Activity> Below are entries. Copy exactly the lines running from the line that holds "Delonghi Sandwich Maker" to the line that holds "kia sportage gt line automatic 1.6 crdi 211", with both ends included.

Exercise data>
######
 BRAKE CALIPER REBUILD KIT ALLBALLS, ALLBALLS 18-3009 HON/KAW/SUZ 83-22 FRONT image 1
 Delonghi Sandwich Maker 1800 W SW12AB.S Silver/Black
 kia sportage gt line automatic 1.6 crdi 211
######
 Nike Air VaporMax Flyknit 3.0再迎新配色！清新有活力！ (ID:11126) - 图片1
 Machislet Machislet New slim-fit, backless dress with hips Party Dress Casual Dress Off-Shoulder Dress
######
Your response>
 Delonghi Sandwich Maker 1800 W SW12AB.S Silver/Black
 kia sportage gt line automatic 1.6 crdi 211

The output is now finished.